# What you should do
The data is to be repeated exactly, with the images removed.

# Collected data

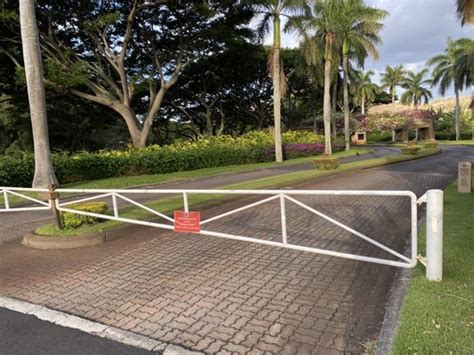 HONOLULU COUNTRY CLUB - 292 Photos & 62 Reviews - 1690 Ala Puumalu St ...
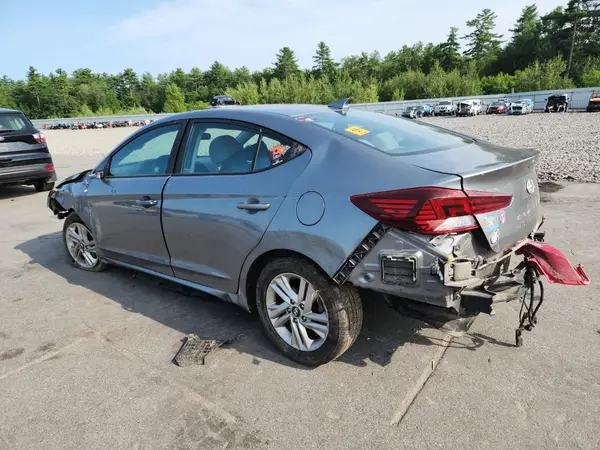KMHD84LF4KU745701 2019 HYUNDAI ELANTRA - Image 2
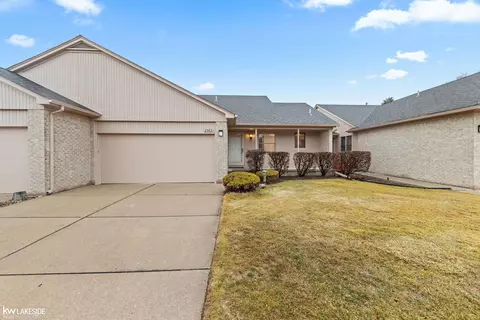 23621 Northport, Clinton Township, MI 48036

# Answer box
 HONOLULU COUNTRY CLUB - 292 Photos & 62 Reviews - 1690 Ala Puumalu St ...
KMHD84LF4KU745701 2019 HYUNDAI ELANTRA - Image 2
 23621 Northport, Clinton Township, MI 48036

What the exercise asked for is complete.